Live Review
Toro Y Moi, ATP Nightmare Before Christmas
A chillwave pioneer striving to be taken seriously. But evoking the pop ghost of a certain 90s perpetual big hat wearer probably isn’t the best way to do it.
If 2010 was the “year of chillwave” (but hopefully the history books will experience an Orwellian re-writing in the meantime, thus to save us ample amounts of embarrassment) then 2011 could well be deemed the year these bedroom producers that broke out during the summer of the year previous have tried so hard to be taken seriously and to shake off that pigeon-holing genre tag.

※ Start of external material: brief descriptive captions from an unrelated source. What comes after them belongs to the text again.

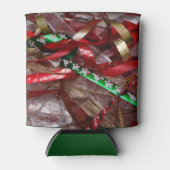 Weihnachts-Ribbons Red Green und Gold Holiday Dosenkühler (Vorderseite)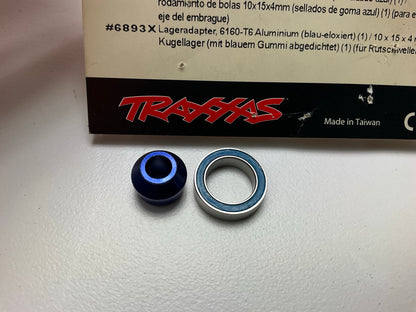 Traxxas 6893X - Aluminum Bearing Adapter Blue, Slash 4X4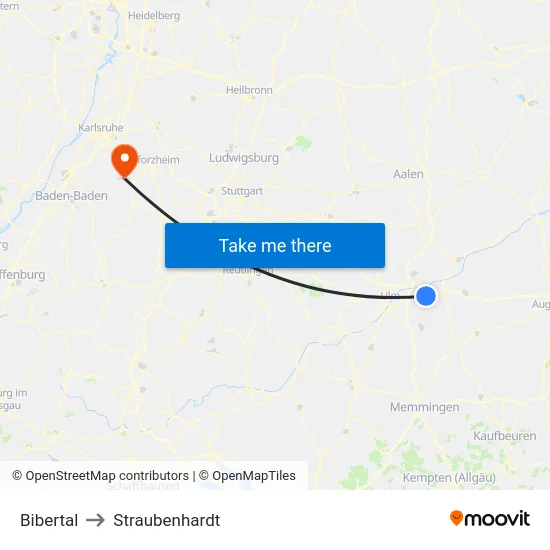 Bibertal to Straubenhardt map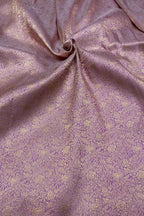 Luxurious Purple Handloom Banarasi Pure Katan Silk Brocade Double Zari Fabric ( 2.5 Mtr ) - Luxurion World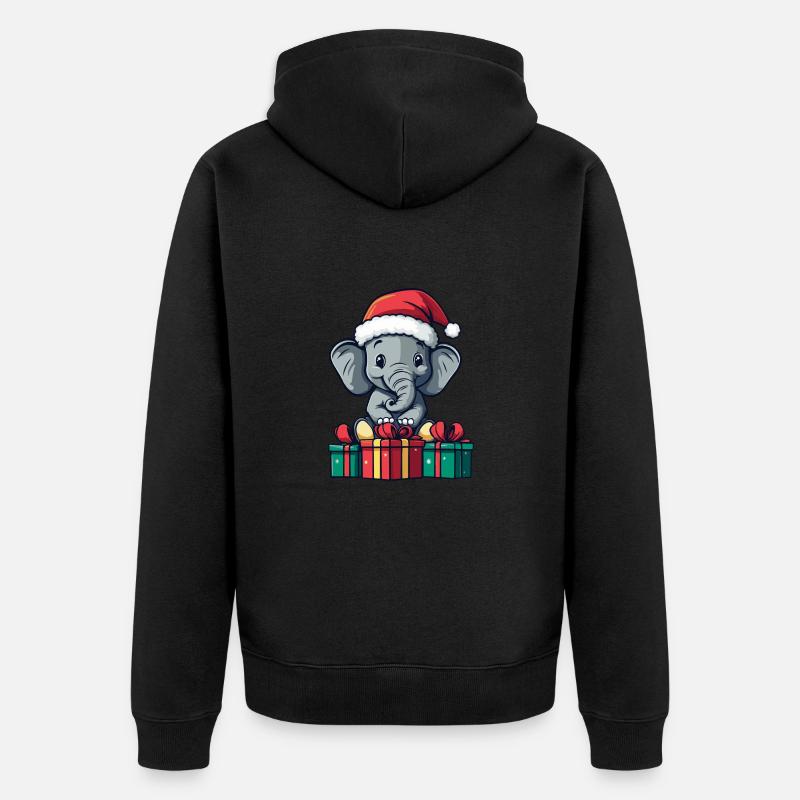 Cadeaux de Noël éléphant - Veste à capuche bio Premium Unisexe - noir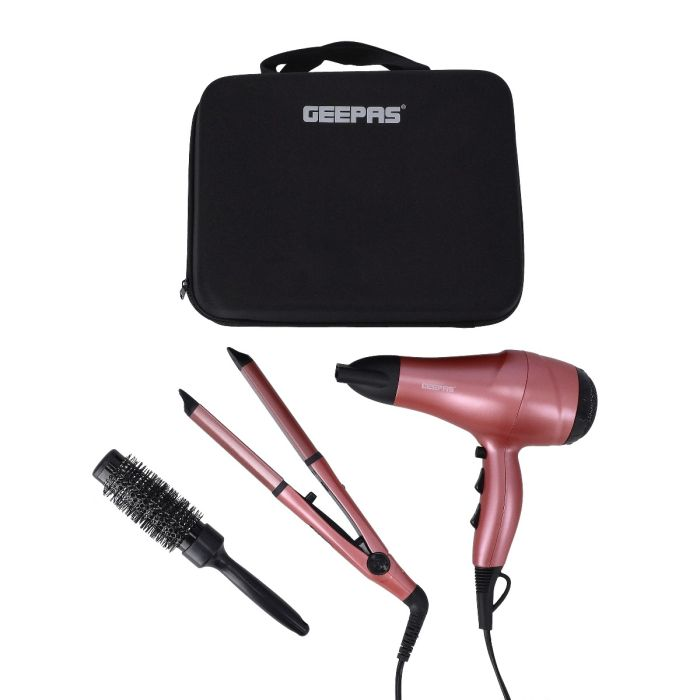 Geepas 4 In 1 Hair Dressing Set - Portable Hair Dryer, Straightener, Curler With Eva Bag | 2000W | Ideal For Styling All Hairs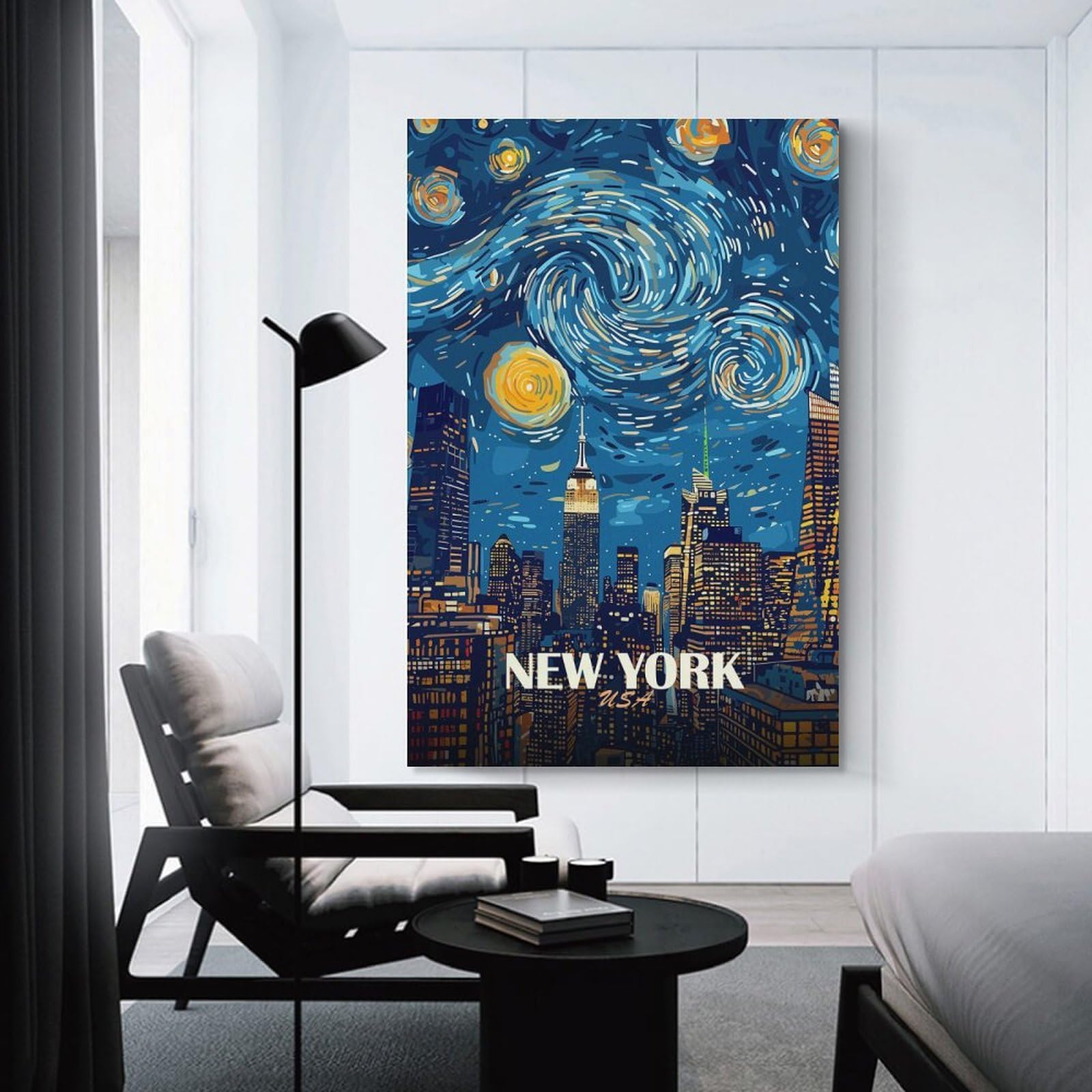 Junmoney Room Decor Wall Art New York City Starry Night Art, 24x36inch(60x90cm), for Flats, Guest Rooms Or Compact Rooms, Wall Decor with Flexible Room Appeal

Like “nu-rave” a couple of years back (which right now the entire populous of music fans seem to have a shared truce of not mentioning lest we all feel naive regret), “chillwave” as a genre has become somewhat of a joke. Back in 2007 after winning a Mercury Prize on the back of covers of 90s rave hits (some actually, some just sounding like it) the Klaxons set out to show their artistic integrity, calling the very genre they helped spawn a “joke”. Their label scrapped an entire album’s worth of new material labelling it “too experimental” and by the time their rather cumbersome follow-up ‘Surfing The Void’ finally came out in 2010, their former fans had already sold all their comic book hoodies and neon peaked caps, and nobody really gave a damn anymore, immersed instead in this “new movement” called chillwave.
The career of Toro Y Moi, otherwise known as Chad Bundick, increasingly seems to be following suite; a musician trying to stress his genuine technical competency to the point of perhaps overcompensation. While his debut release ‘Causers Of This’ was a smooth and well-oiled affair, this year’s outputs - full-length ‘Underneath The Pine’ and the ‘Freakin’ Out’ EP - has seen the South Carolina producer transform into something of a jazz maverick, alienating as many original lovers of his early mixtapes as he has gained a more wider spread fanbase.
Despite what some - including myself - would feel to be his weaker material, the newer tracks if anything do add a bit more exuberance to Bundick’s live set-up. Backed by a full band, opener ‘New Beat’ shows off a swaggering electrofunk jive that seems to be everything that Justice should have been aiming for on their recent record, if they had not been so obsessed by exhuming Guns N Roses’ not-even-dead corpses.
While the material lifted off the new record does lend itself well live and probably does do the job Bundick intended of adding some authenticity to his back catalogue, it’s still the more keyboard-based earlier cuts that get the ATP crowd moving most - like ‘Blessa’ which drops later in the set and seems to evoke some sort of youthful nostalgic memory in two men well into their late-50s beside me whose dancing and arm flailing makes Iggy Pop seem like an old bore with a pipe and slippers.
As the crowd filters out, I overhear two separate strangers comparing the jazzier parts of Bundick’s set to that of the butt of seemingly every joke in the 90s, Jamiroquai. It’s something that I didn’t want to have to write, and now that I’ve got others to do the dirty work for me - I don’t have to. A mixed bag of a set by a chillwave pioneer striving real very hard to be taken seriously. But I don’t think evoking the pop ghost of a certain 90s perpetual hat wearer is the best way to go about it.